Rival factions of James Island Public Service District commissioners, and the district staff, have presented different budget scenarios for financing fire, garbage and sewer services, but each plan calls for significant deficits after 2009.

While none of the plans call for a property tax increase in the near term, each would create deficits in the coming years that would climb above a half-million dollars yearly by 2012.

The new budget proposals, presented at a workshop Wednesday, would each spend somewhat less than the PSD staff first proposed in a $6.2 million budget that some commissioners dismissed as a wish list.
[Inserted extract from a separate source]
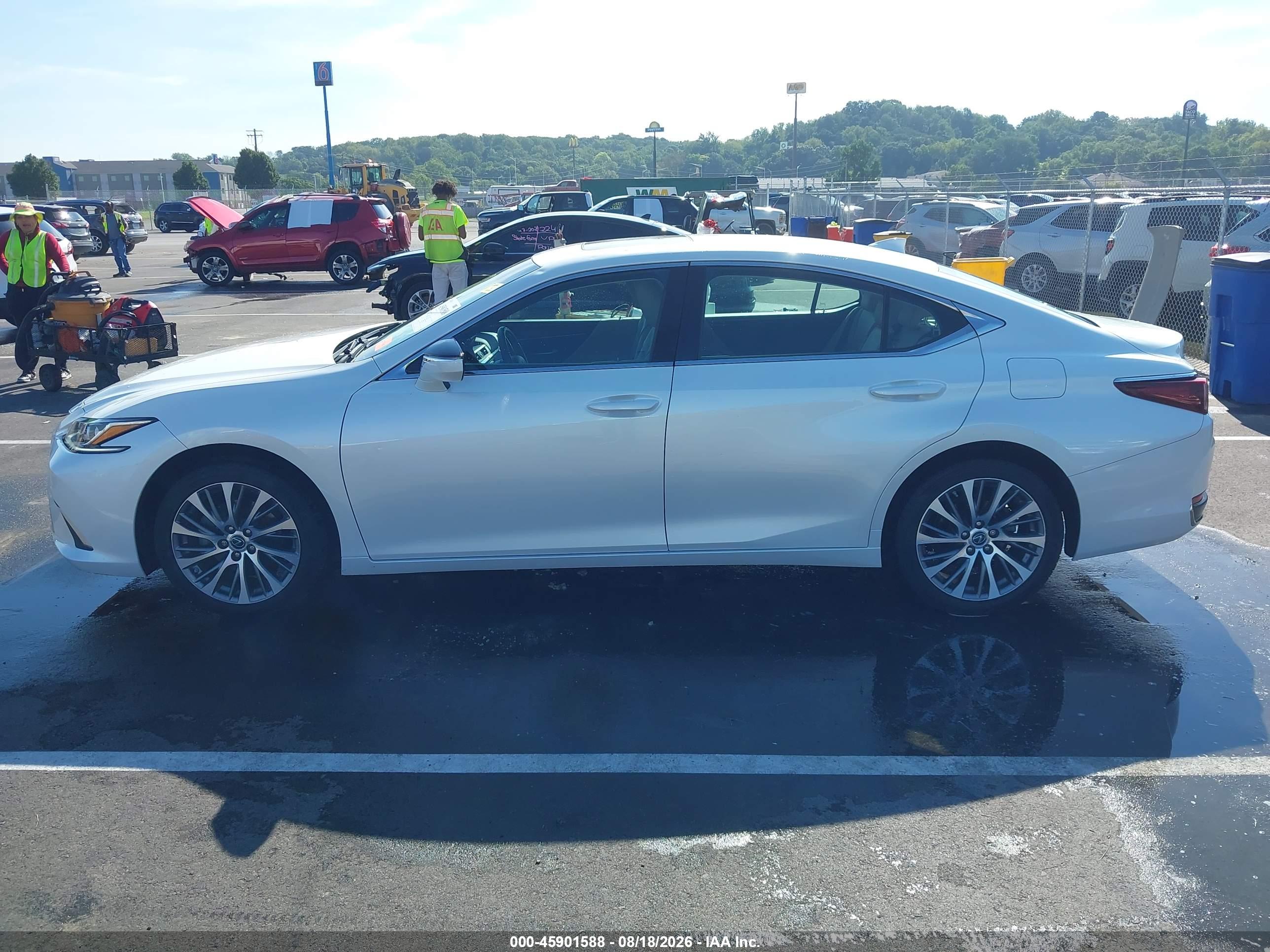 2021 LEXUS ES 250 350 Premium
That first-draft plan projected that the service district would run out of money by 2012.

Now, with different solutions being proposed, the budget conflict is following what is becoming a familiar pattern on the seven-member commission.

On one side are four commissioners closely affiliated with the town of James Island, June Waring, Inez Brown-Crouch, Charles Rhodes and Karen Clark Thompson, the daughter of town Mayor Mary Clark.
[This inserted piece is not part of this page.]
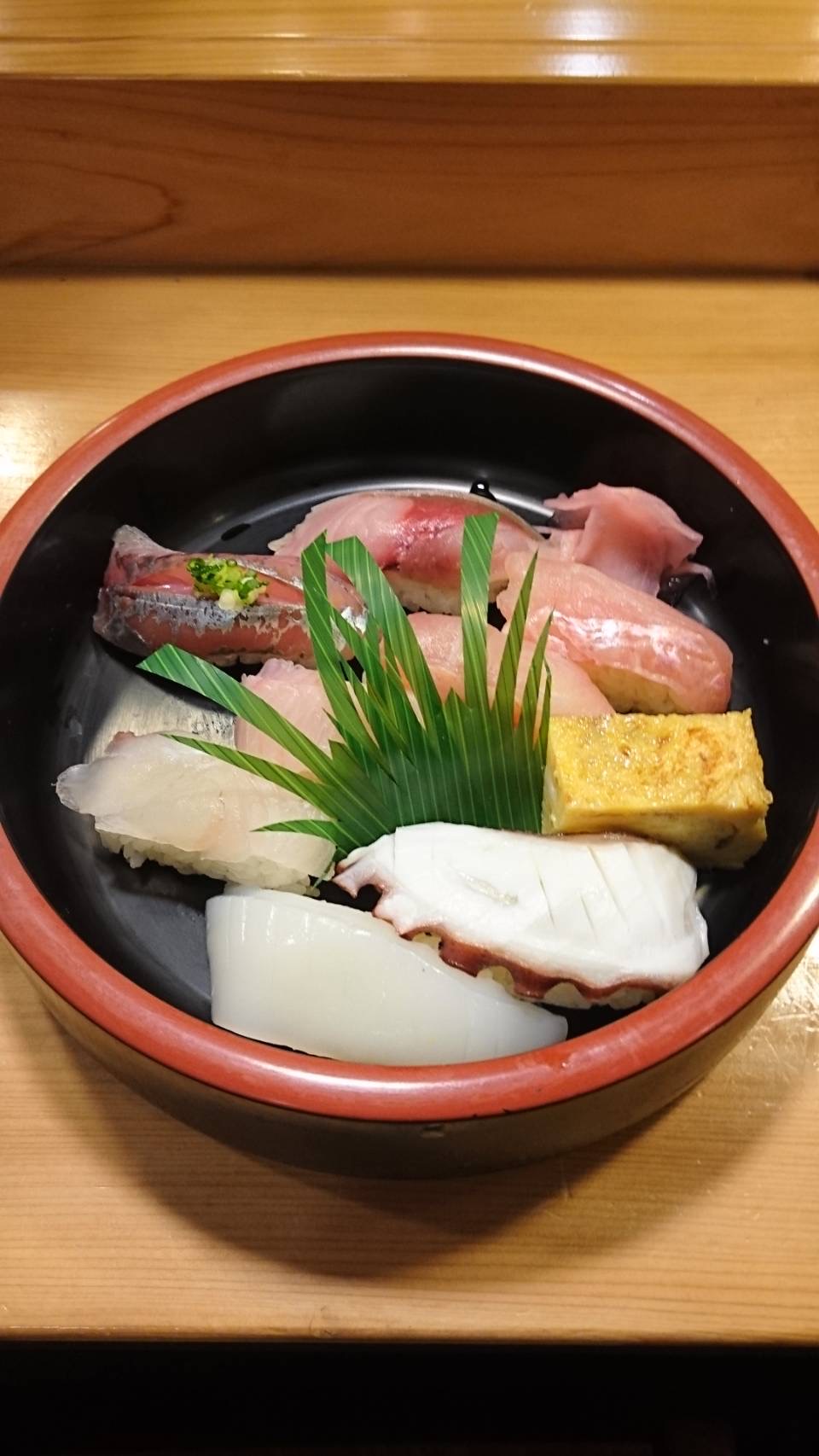 地魚寿司2310円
They are pressing for the least expensive of the budget plans — the only one that does not call for dipping into the PSD's savings in 2009 — and they say they aren't done yet. Waring dismissed five-year budget projections, prepared by PSD staff, that show mounting deficits starting in 2010.

"That's just a scare tactic," Waring said.

On the other side are Commission Chairman Rod Welch and Commissioner Donald Hollingsworth, whose budget suggestions are near the spending levels first proposed by the staff.

"I don't understand why we are saying 'no' to so much stuff we need," Hollingsworth said.

The seventh commissioner, Eugene Platt, is playing the neutral role, while urging the commissioners to protect the service district's fund balance.

"In years to come, I would like the district to have a healthy fund balance," Platt said.

Much of the debate about the PSD's budget comes down to balancing the competing priorities of increasing pay and benefits for at least some of the service district's 116 employees to keep them from leaving to work for other local and county governments, and the desire to not raise taxes.

"We are trying to strike a balance," Waring said.